Recent Data Reveals Nexviazyme® Exhibits Clinical Safety, Benefits, and Long-lasting Efficacy Across Diverse Pompe Disease Patient Cohorts

New data indicate that treatment with Nexviazyme® (avalglucosidase alfa) has significantly improved ptosis, or drooping eyelid, in pediatric patients with infantile-onset Pompe disease (IOPD) over nearly three years. These findings, presented at the 20th annual WORLDSymposiumTM, include positive safety results from the Phase 3 Baby-COMET trial, the first study of avalglucosidase alfa in treatment-naïve patients with IOPD in over 20 years. Ptosis affects around 50% of IOPD patients, potentially leading to vision loss and reduced quality of life. Nexviazyme is a monotherapy approved in the US and other markets for juvenile and adult patients with late-onset Pompe disease (LOPD). It is also approved for IOPD in certain markets outside of the US.

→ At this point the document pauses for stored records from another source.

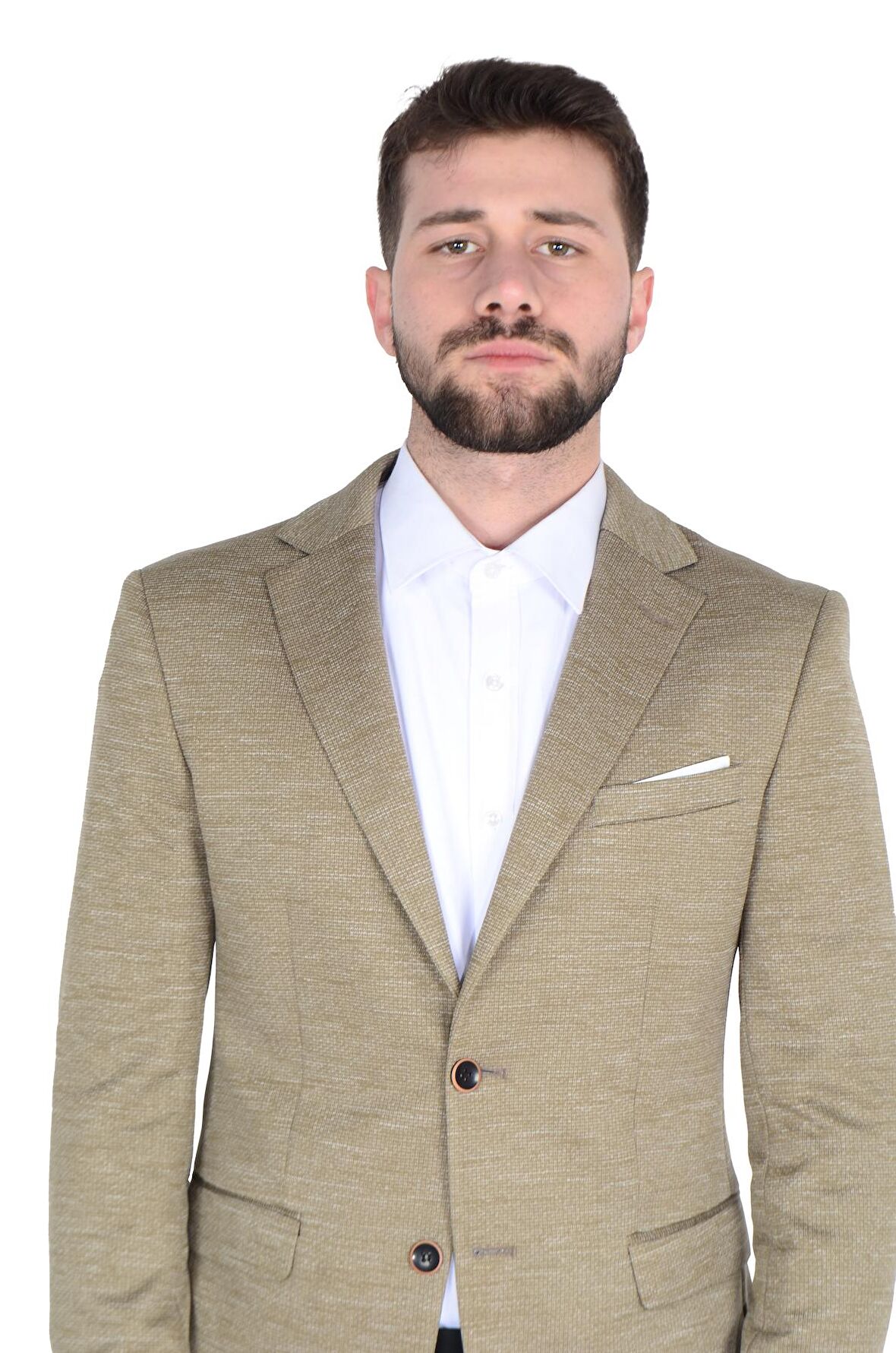 Cengiz İnler Desenli Çift Düğme Slim Fit Erkek Ceket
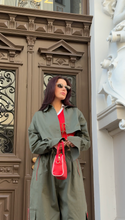 Load image into Gallery viewer, Cargo blouse and balloon trousers set - chocolate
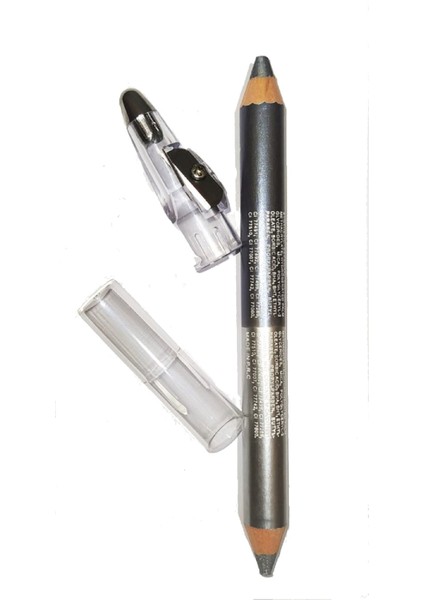 Jumbo 2 Renk Simli Gri Göz Kalemi (Kalemtraşlı)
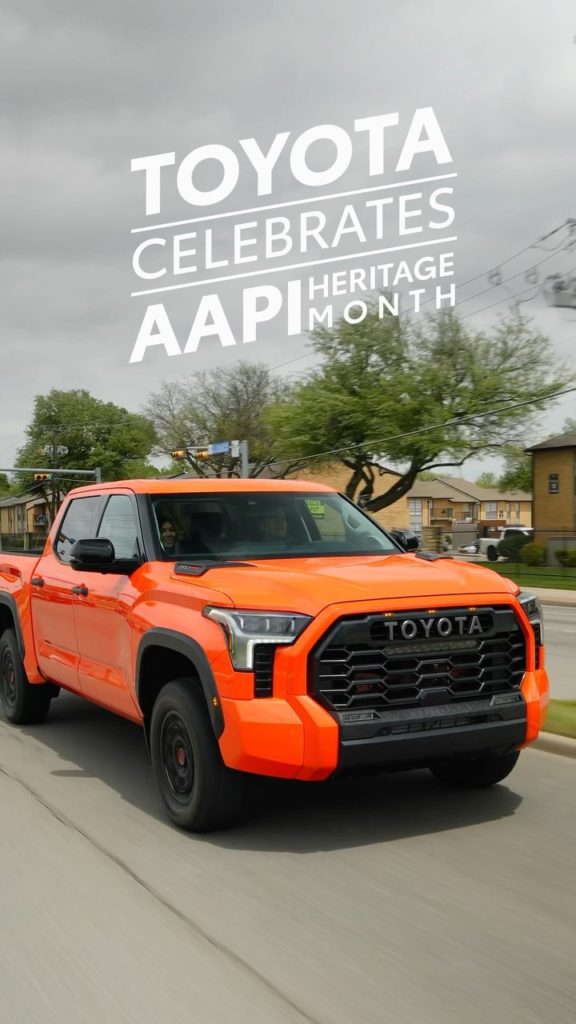 Putting a modern twist on the traditional.  #Tundra #LetsGoPlaces #AAPI...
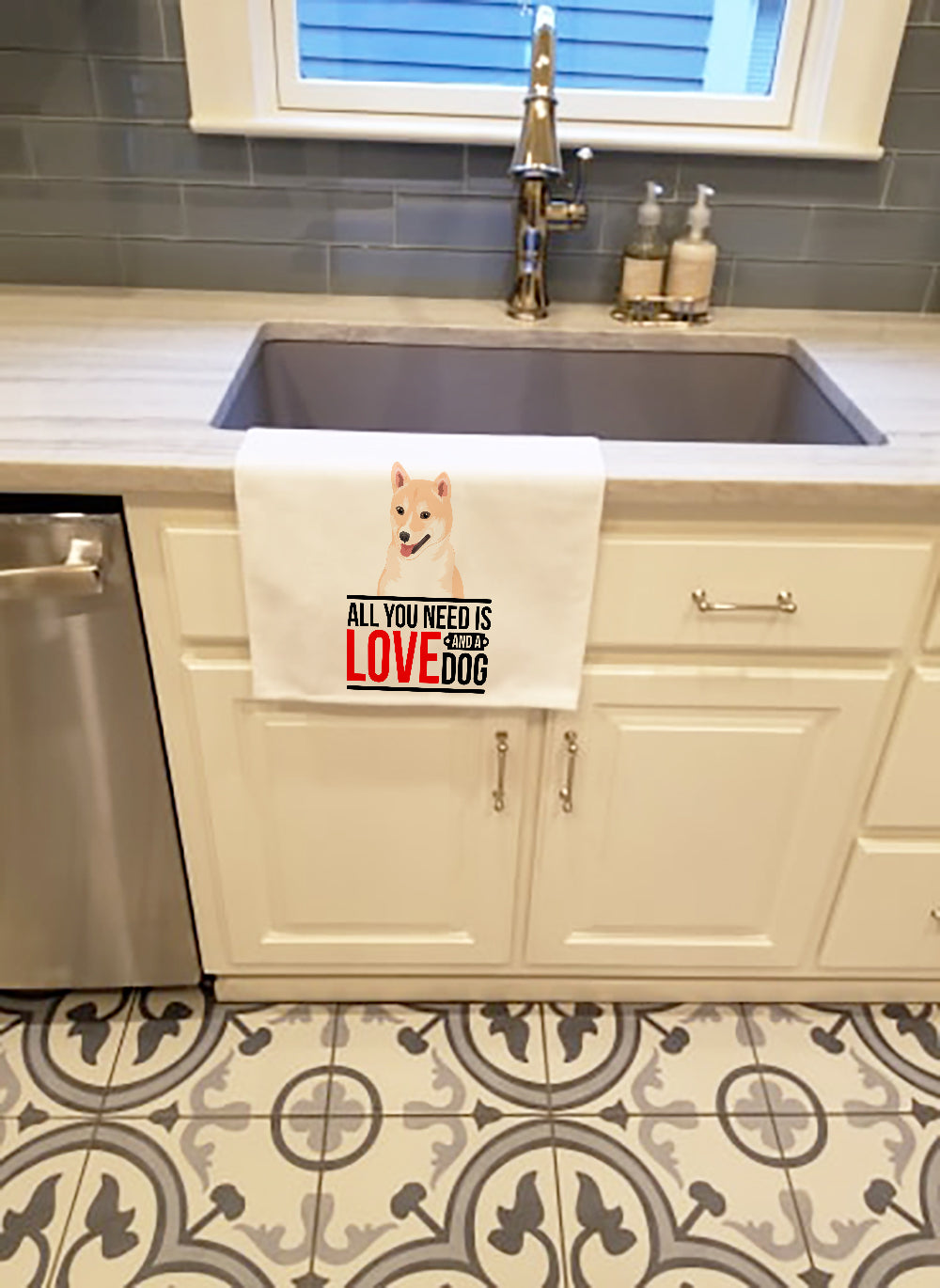 Shiba Inu Cream #2  White Kitchen Towel Set of 2 - the-store.com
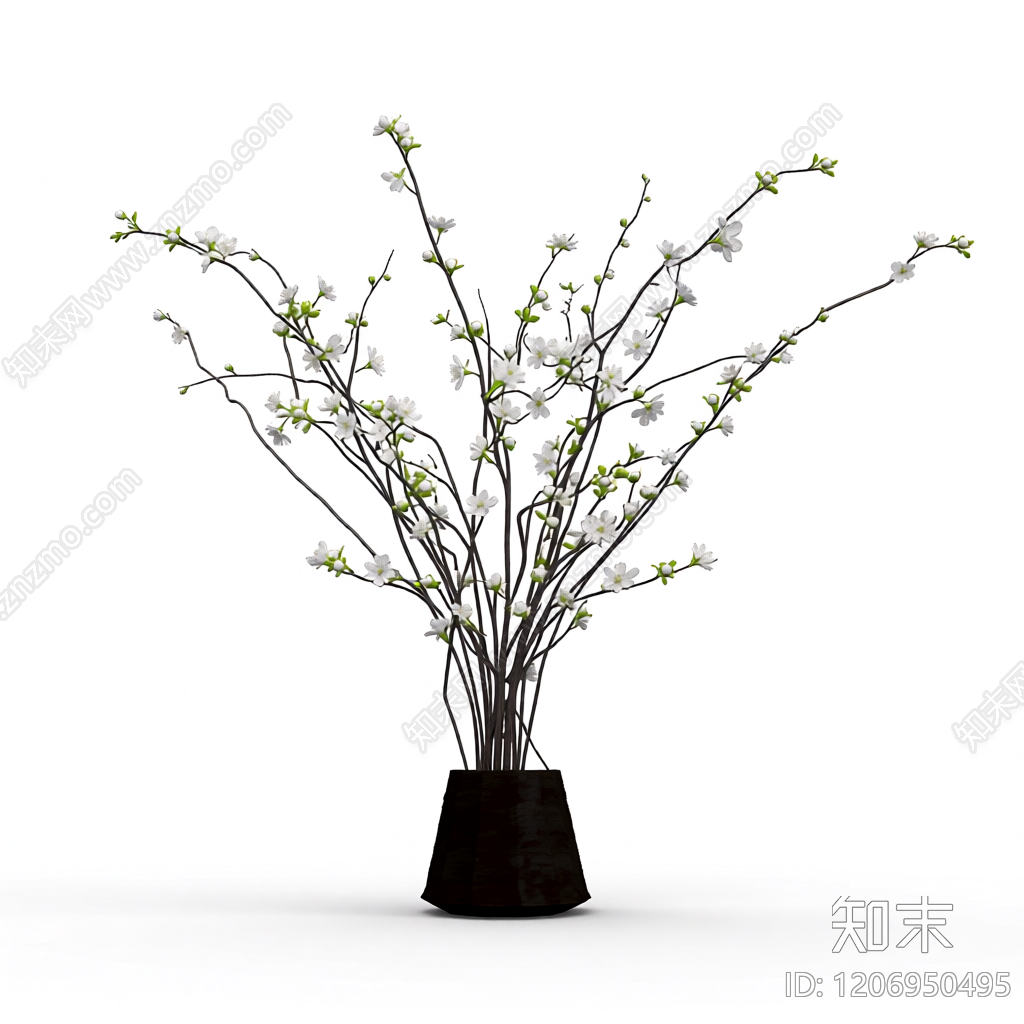 盆栽花卉装饰3D模型下载【ID:1206950495】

Dr. Priya S. Kishnani, C.L. and Su Chen Professor of Pediatrics at Duke University Medical Center, emphasized the significant improvements in ptosis seen in IOPD patients treated with avalglucosidase alfa.

Key findings surrounding avalglucosidase alfa use in late-onset Pompe disease (LOPD) were also presented at WORLDSymposiumTM 2024. This included positive long-term results from the NEO-EXT study up to eight years and real-world findings from the international Pompe Registry sponsored by Sanofi, showcasing patients who switched to avalglucosidase alfa from the long-time standard of care, alglucosidase alfa.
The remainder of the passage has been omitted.